__Task brief__:
Without copying any picture, transcribe exactly the lines of the data below from the one containing "[upl. by Seditsira794]" through the one containing "Человек-пузырь и его".

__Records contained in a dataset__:
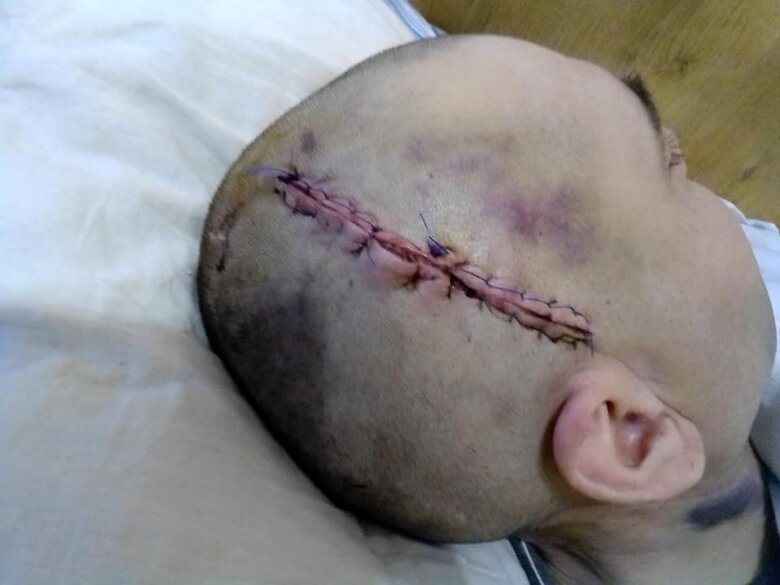 Офіцер на Волині жорстоко побив солдата. Той в лікарні: відмовили ноги 01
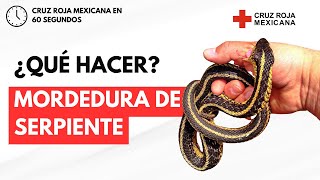 ¿Cómo tratar una mordida de serpiente PrimerosAuxilios [upl. by Seditsira794]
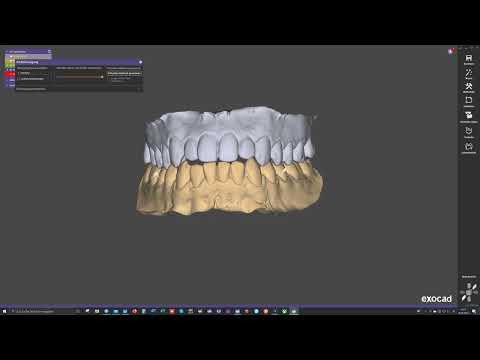 Reale Bewegungsdaten in Zebris aufgezeichnet und in Exocad importiert!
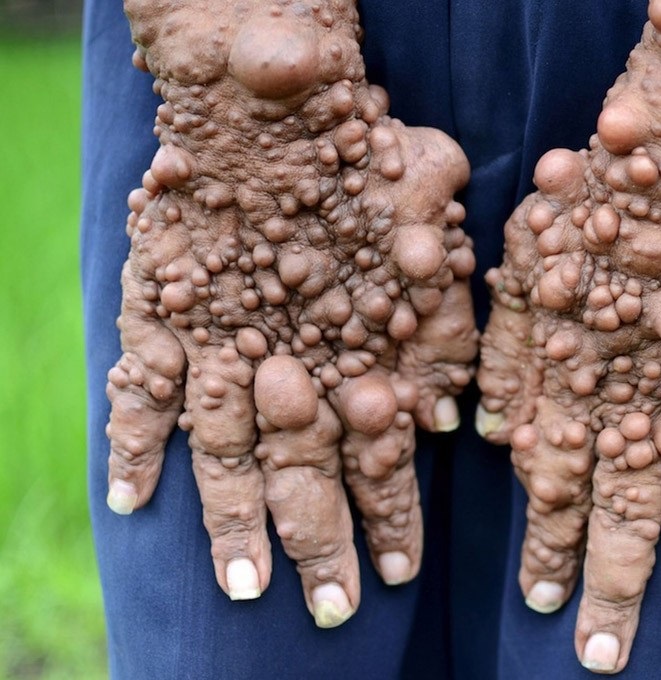 Человек-пузырь и его ужасное заболевание Человек-пузырь Сламет, ужасное заболевание, нейрофиброматоз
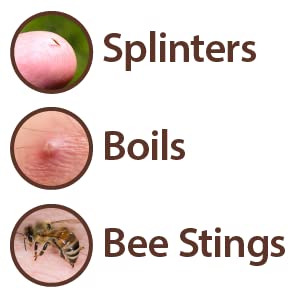 Globe pharmaceutical grade ichthammol tube for boil and splinter treatment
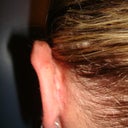 Left ear after (3 weeks later)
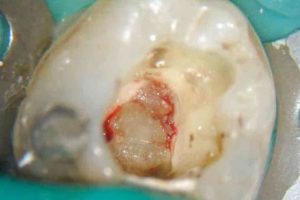 Dental Pulp Stones
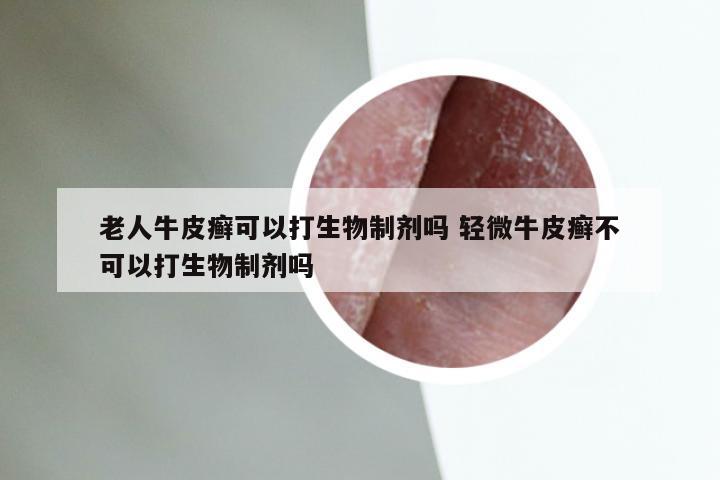 老人牛皮癣可以打生物制剂吗 轻微牛皮癣不可以打生物制剂吗
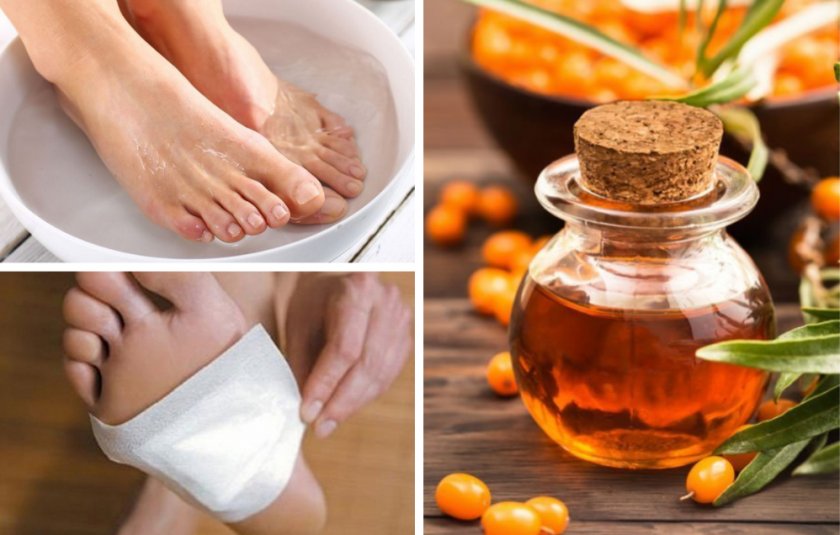 Облепиховое масло от мозолей Облепиховое масло от мозолей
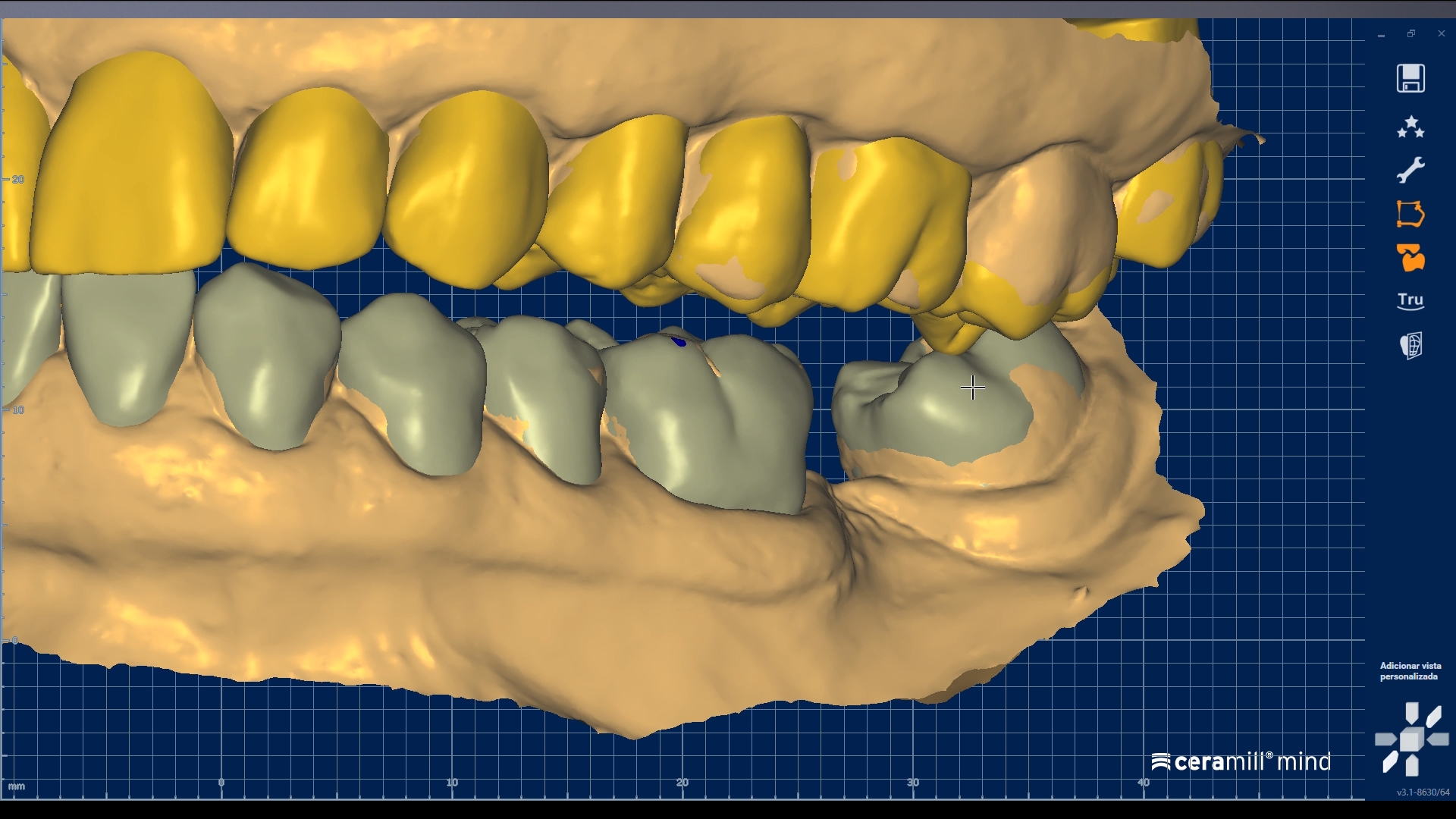 Modelagem anatômica digital no CAD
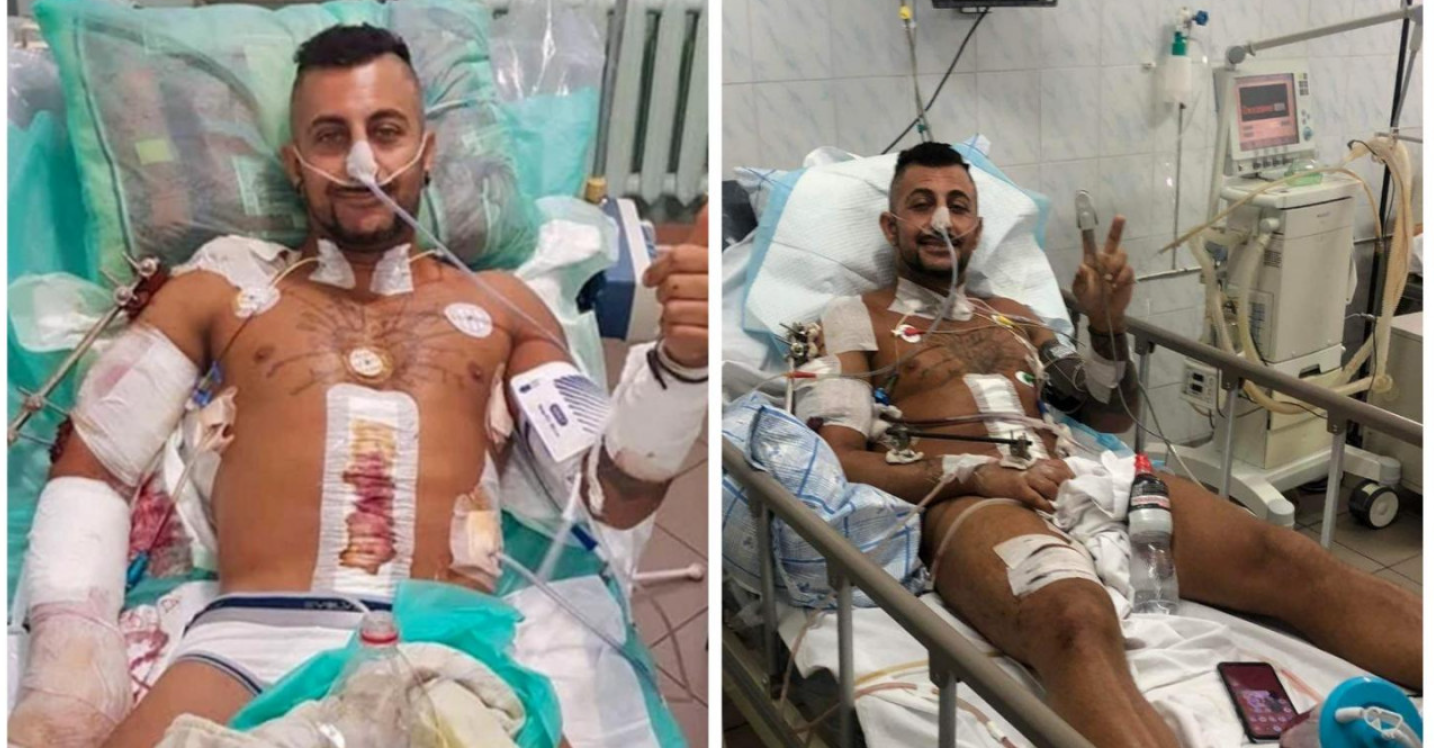 Rambo Shareef Amin u bolničkom krevetu uslikan dva puta slika podijeljena napola leži u donjem vešu na tijelu brojni flasteri i zavoji u nosu cjevčica osmijeh na licu bijela posteljina pored njega medicinski aparati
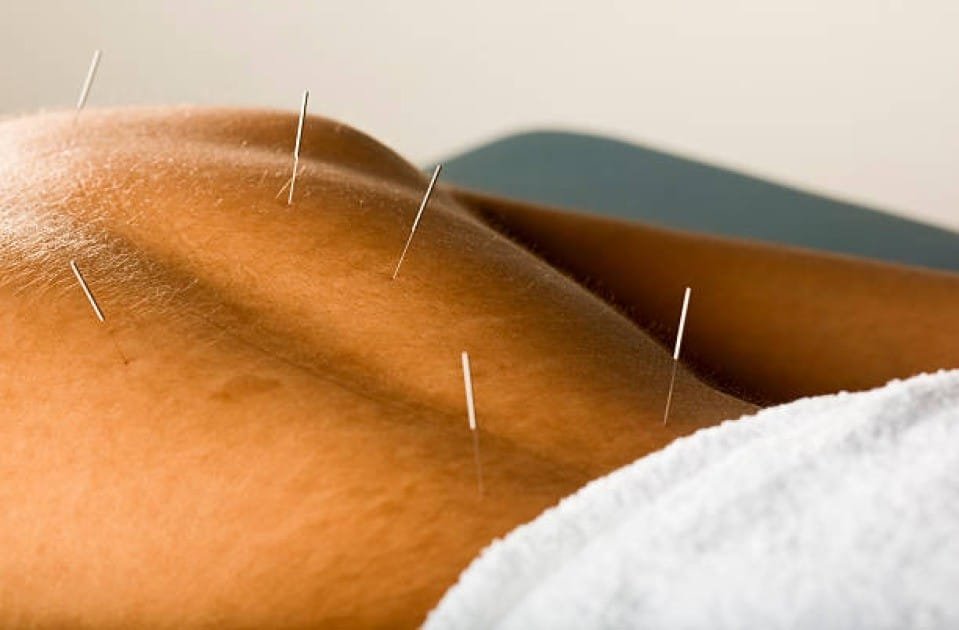 Close-up of an acupuncture needle being gently inserted into a patient’s skin during a therapy session.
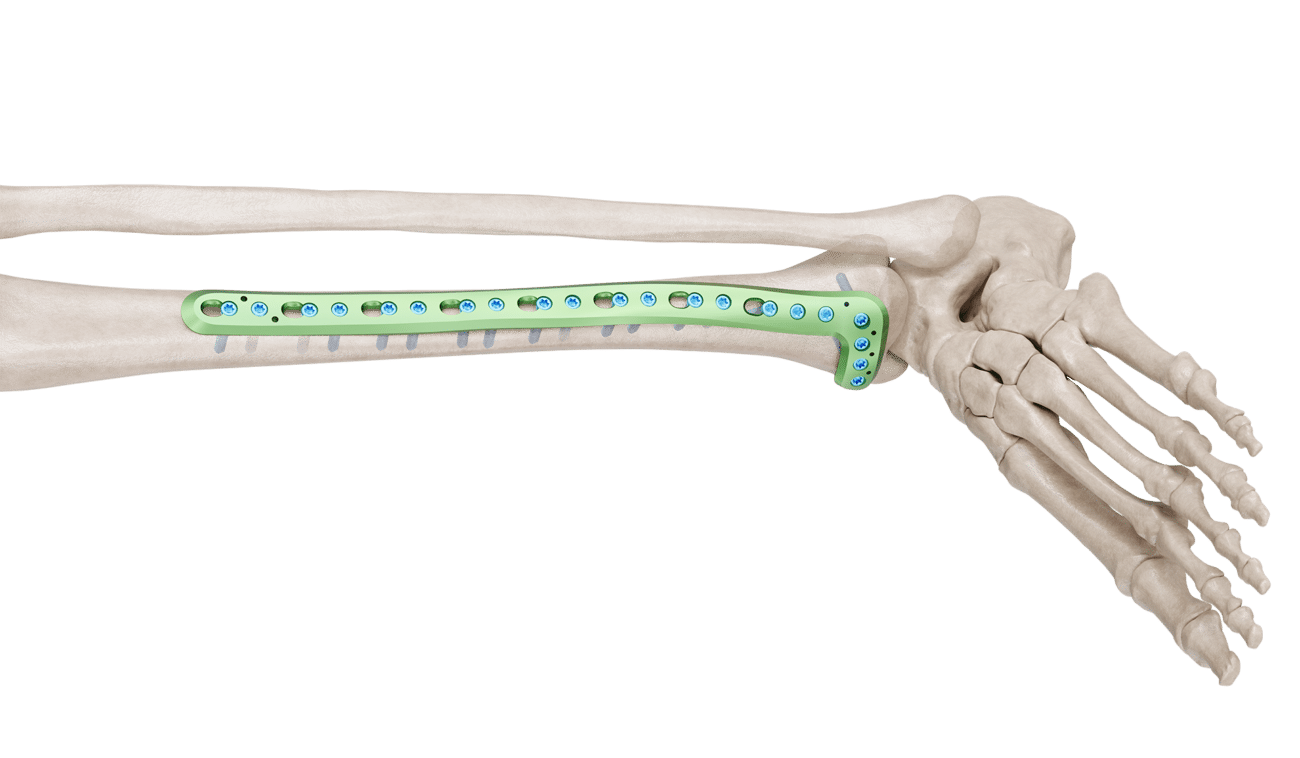 Distal Tibia Anterolateral Anatomik Plak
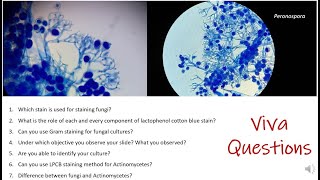 All about Lactophenol cotton blue Staining | LPCB | Viva questions | MSc practical series | Fungi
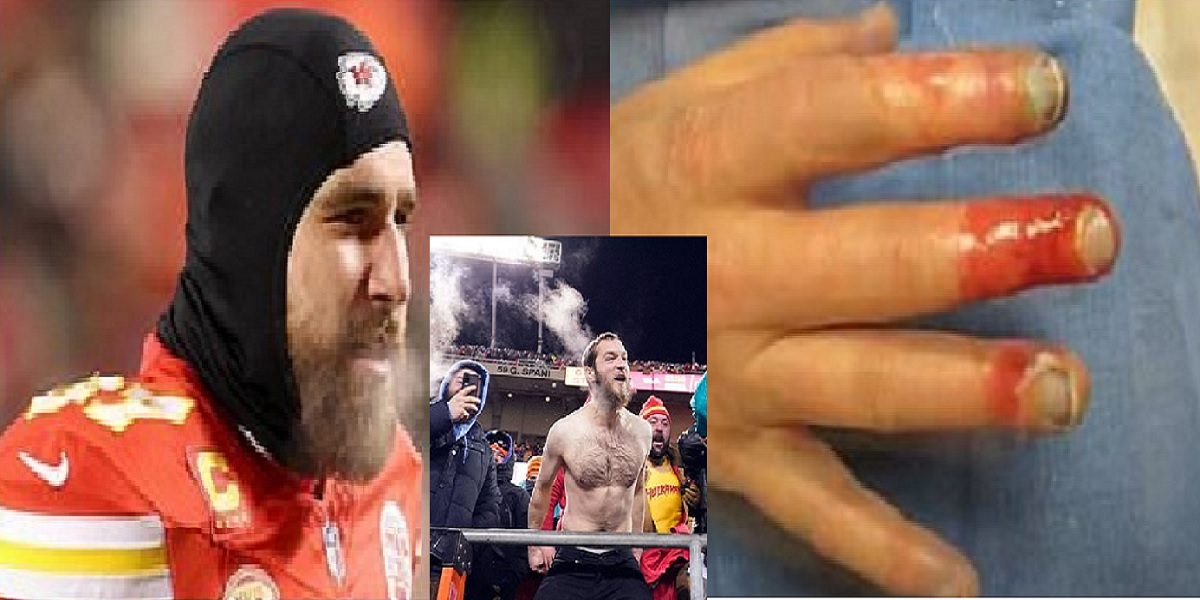MASSIVE UPROAR as Kansas City Chiefs fans need AMPUTATIONS from frostbite after sitting through negative 27 wind chill to cheer Travis Kelce team in January 13 playoff game vs Miami Dolphins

__Task response__:
 ¿Cómo tratar una mordida de serpiente PrimerosAuxilios [upl. by Seditsira794]
 Reale Bewegungsdaten in Zebris aufgezeichnet und in Exocad importiert!
 Человек-пузырь и его ужасное заболевание Человек-пузырь Сламет, ужасное заболевание, нейрофиброматоз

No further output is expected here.